February 24, 2020

New Data Ingestion Network for Databricks: The Partner Ecosystem for Applications, Database, and Big Data Integrations into Delta Lake

Get an early preview of O'Reilly's new ebook for the step-by-step guidance you need to start using Delta Lake.

Organizations have a wealth of information siloed in various sources, and pulling this data together for BI, reporting and machine learning applications is one of the biggest obstacles to realizing business value from data. The data sources vary from operational databases such as Oracle, MySQL, etc. to SaaS applications like Salesforce, Marketo, etc. Ingesting all this data into a central lakehouse is often hard, in many cases requiring custom development and dozens of connectors or APIs that change over time and then break the data loading process. Many companies use disparate data integration tools that require data engineers to write scripts and schedule jobs, schedule triggers and handle job failures, which does not scale and creates massive operational overhead.
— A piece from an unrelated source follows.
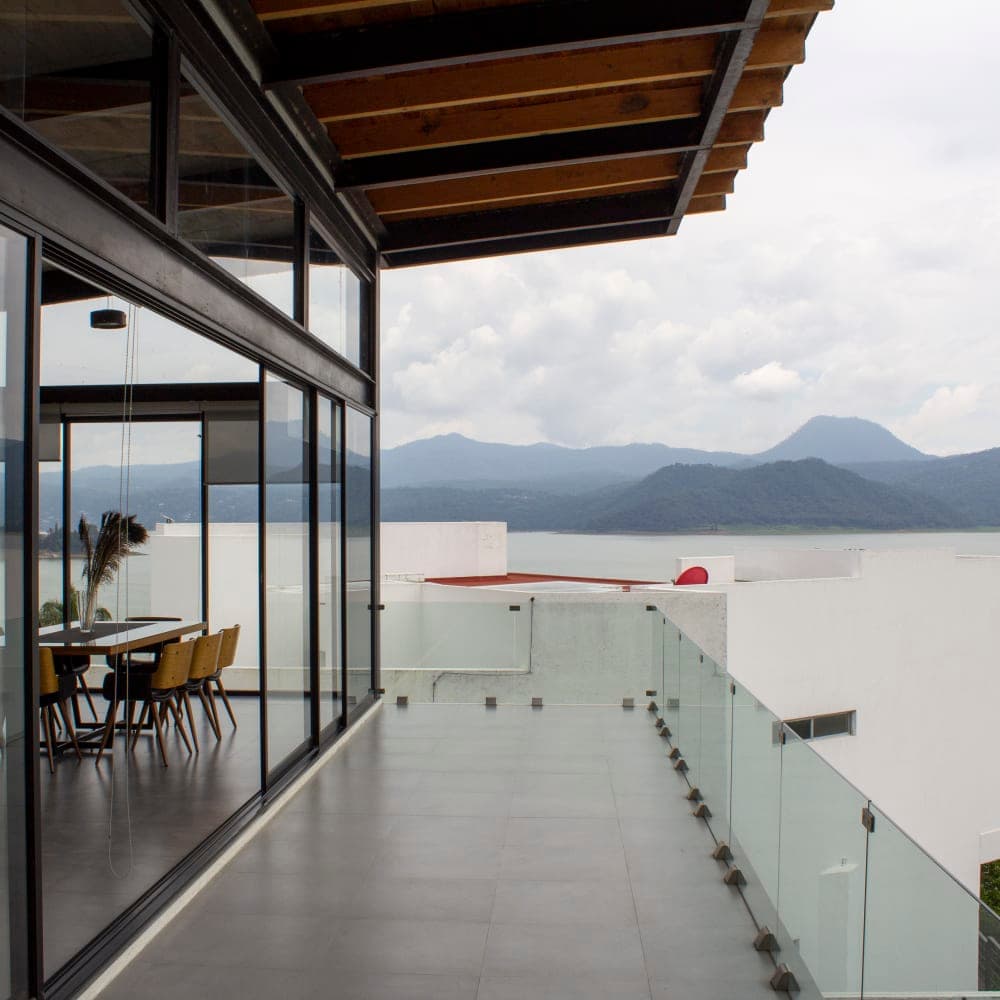 BALCON DEL LAGO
Introducing the Data Ingestion Network

To solve this problem, today we launched our Data Ingestion Network that enables an easy and automated way to populate your lakehouse from hundreds of data sources into Delta Lake. We are excited about the many partners announced today that have joined our Data Ingestions Network - Fivetran, Qlik, Infoworks, StreamSets, Syncsort. Their integrations to Data Ingest provide hundreds of application, database, mainframe, file system, and big data system connectors, and enable automation to move that disparate data into an open, scalable lakehouse on Databricks quickly and reliably. Customers using Azure Databricks already benefit from the native integration with Azure Data Factory to ingest data from many sources.

Key Benefits of the Data Ingestion Network

1. Real-time, Automated Data Movement

The ingest process is optimized for change data capture (CDC), and enables easy automation to load new or updated datasets into Delta Lake. Data engineers no longer need to spend time developing this complex logic, or processing the datasets manually each time. The data in Delta Lake can be automatically synced with changes and kept up to date.
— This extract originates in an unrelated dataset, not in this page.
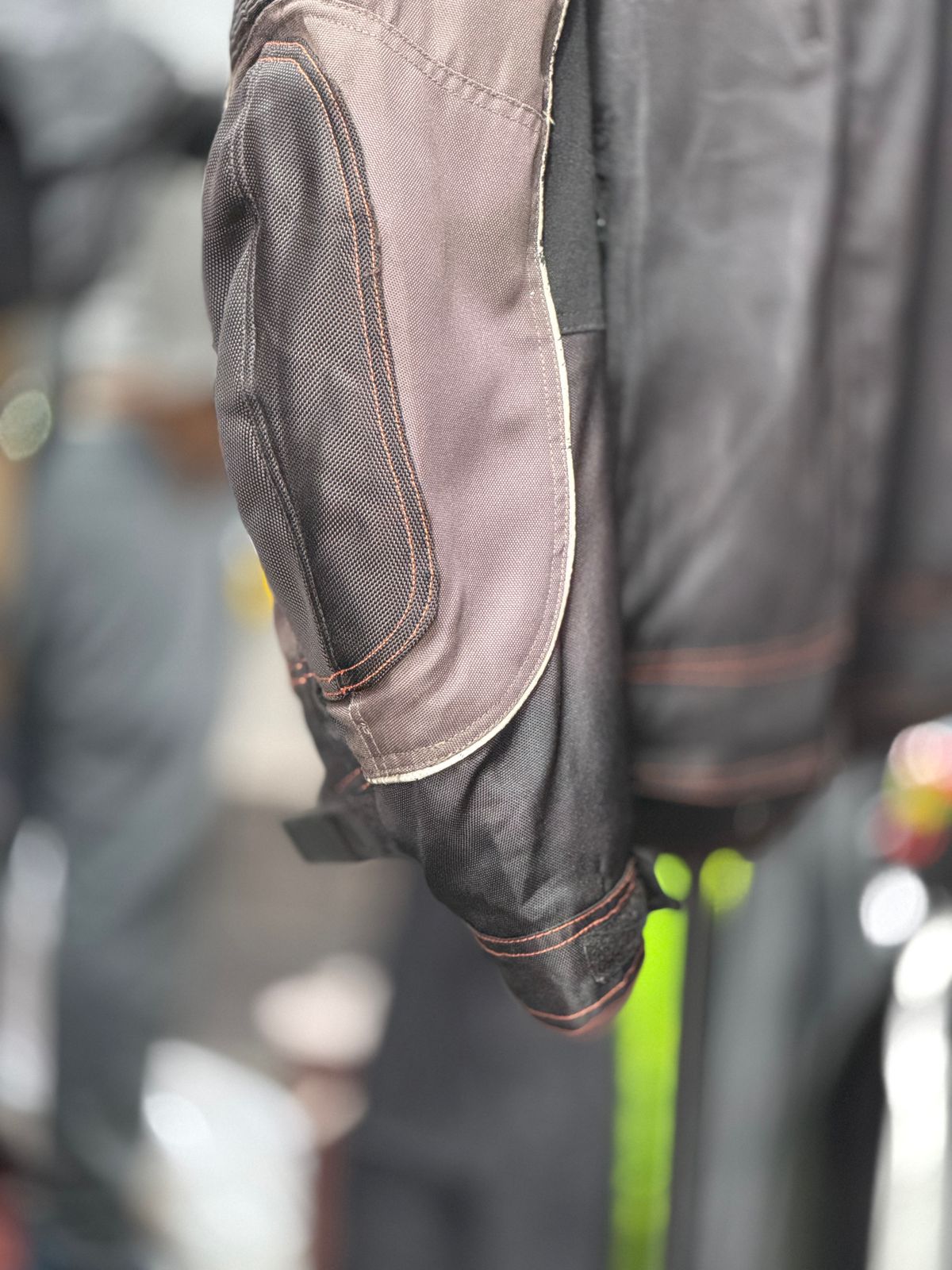 HALREY DAVIDSON RIDING JACKET WITH LEVEL 2 PROTCTION SIZE L 42 chest - Image 4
2. Out-of-the-Box Connectors

Data engineers, Data scientists, and Data analysts have access to out-of-the-box connectors through the Data Ingest Network of partners to SaaS applications like Salesforce, Marketo, Google Analytics, and Databases like Oracle, MySQL and Teradata, plus file systems, mainframes, and many others. This makes it much easier to set up, configure and maintain the data connections to hundreds of different sources.

3. Data Reliability

Data ingestion into Delta Lake supports ACID transactions that makes data ready to query and analyze. This makes more enterprise data available to BI, reporting, data science and machine learning applications to drive better decision-making and business outcomes.

Data Ingestion Set Up in 3 Steps

End-users can discover and access the integration setup the Data Ingestion Network of partners through the Databricks Partner Gallery.

Step 1: Partner Gallery

Navigate to the Partner Integrations menu to see the Data Ingestion Network of partners. We call this the Partner Gallery. Follow the Set up guide instructions for your chosen partner.
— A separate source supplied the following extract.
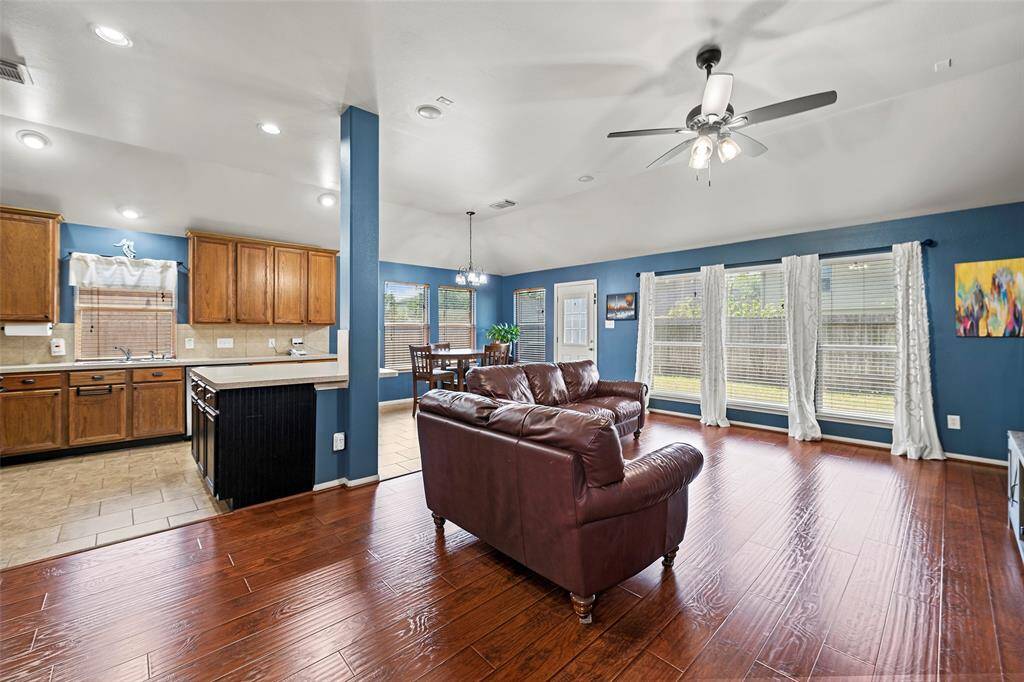 This view shows the open floor plan with easy access to the kitchen.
The Data Ingestion Network of partners offer native integration into Delta Lake.

Step 2: Set up Databricks

Next, set up your Databricks workspace to enable partner integrations to push data into Delta Lake. Do the following:

Create a Databricks token that will be used for authentication by the partner product

Step 2 of the Data Ingestion Network setup requires you to log in to your Databricks account and create an authentication token.

From the Databricks cluster page, copy the JDBC/ODBC URL

Copy the JDBC/ODBC URL from the cluster page to continue set up of the Data Ingestion Network

Step 3: Choose the data sources, select Databricks as the destination

Using the partner product, choose the data sources you want to pull data from and choose Databricks as the destination. Enter the token and JDBC information from step 2, and set up the job that will then pull data from your data source and push it into Databricks in the Delta Lake format.

That’s it! Your data is now in Delta Lake, ready to query and analyze.

A Powerful Data Source Ecosystem to Address Data Ingestion Needs

The Data Ingestion Network is a managed offering that allows data teams to copy and sync data from hundreds of data sources using auto-load and auto-update capabilities. Fivetran, Qlik, Infoworks, StreamSets, and Syncsort are available today, along with Azure Data Factory that already provided native integration for Azure Databricks customers to ingest data from many sources. Together these partners enable access to an extensive collection of data sources that are both cloud-based and on-premises.

The Databricks Ingestion Network of partners support a wide range of popular data sources, including databases, SaaS applications, and social media platforms.

The Goal of the Data Ingestion Network

With the Data Ingestion Network, we set out to build an ecosystem of data access that allows customers to realize the potential of combining big data and data from cloud-based applications, databases, mainframes and files systems. By simplifying the data ingestion process compared to traditional ETL, customers have the ability to overcome the complexity and maintenance cost typically associated with pulling data together from many disparate sources. This accelerates the path to maximizing the business value from data across BI, reporting and machine learning applications.